Recently a friend shared with me an article claiming that
Seattle is the worst US city for dating. Knowing my interest and involvement in
the field, she asked for my take on the subject. I wrote to her that I disagree
with the conclusion of the article. The geography has nothing to do with the
problem. There are however two major reasons why people have difficulty finding
love, and they can affect people anywhere around the world: - online dating and lack of self-awareness.
Online Dating
I worked for six month as a bridal registry consultant for a
big retailer in the country. I used this opportunity to do my own field
research on how American couples meet. I worked with more than 250 couples and
asked each of them how they had met. Only three met online. The rest met at
school, university, work, through friends and family, and church. Among those
couples there was a considerable number of individuals who came to Seattle for
a visit, or relocated for a job, and found a local partner shortly thereafter.

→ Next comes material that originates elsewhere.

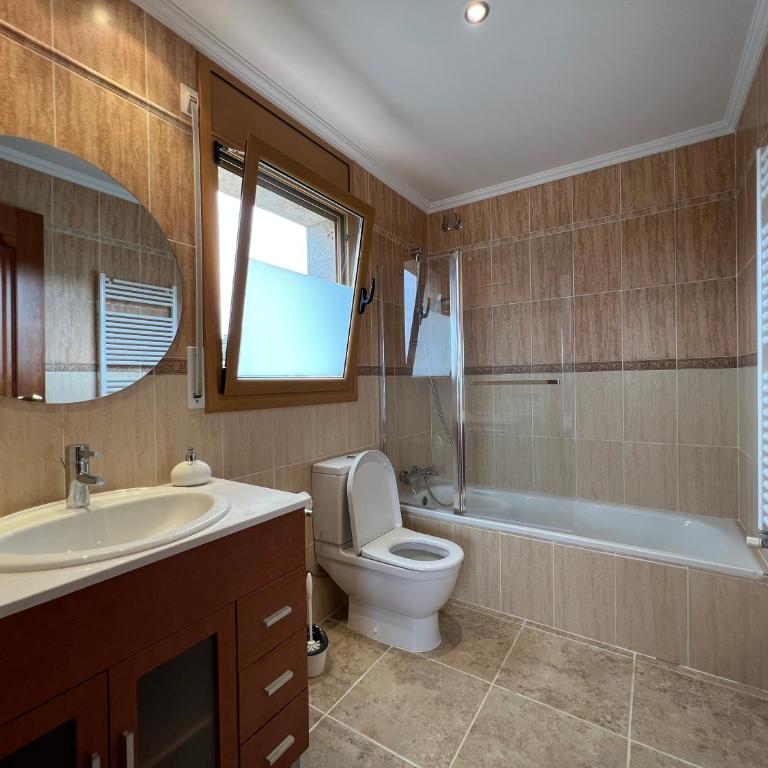 Casa Mas Cabañas con piscina infinita con playa - Villa - 26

The real problem is that people nowadays resort to online
dating to find love, despite the fact that research shows that online dating is
not the best way to find love. Dr. Dan Ariely, the author of Predictably Irrational,
explains that the profile questions on those sites are not very helpful to find
a match. He said that it’s like trying to decide if a certain food is tasty
based on a list of nutritional values. He also mentions that the large pool of
candidates to choose from makes it harder for people to be content with
one-person, always thinking that maybe there is someone better out there.
Self Awareness
In one of the relationship seminars I hosted, a female participant
shared her frustrations about men in Seattle. Throughout the whole conversation
she didn’t stop stressing about her exclusive residential zip code, the
expensive car she drives, her six-figure income, and her frequent visits to
Europe. She was completely unaware that it wasn’t the men, but rather her own
attitude that was pushing away nice people, or attracting people who mirrored
her uninviting attitude.
Lack of self-awareness is another reason why people can’t
find love. Just like you need good driving instruction to get to a new
location, you need to have a very clear understanding of who you are and what
your needs are in order to find the right person for you. It takes some work to get there but it’s
worth the time and effort. Unresolved personal issues tend to attract partners with
similar issues.
If you are seriously looking for love, whether in Seattle or
any other place, before you go on a date with anyone - go on a date with yourself
and get to know the person you are, what are your values, what gives you joy,
etc. Work to become your best you to attract the right person to your life.
Then turn off your laptop and start socializing, take a class, join a church,
develop a nice group of friends – they might introduce you to someone.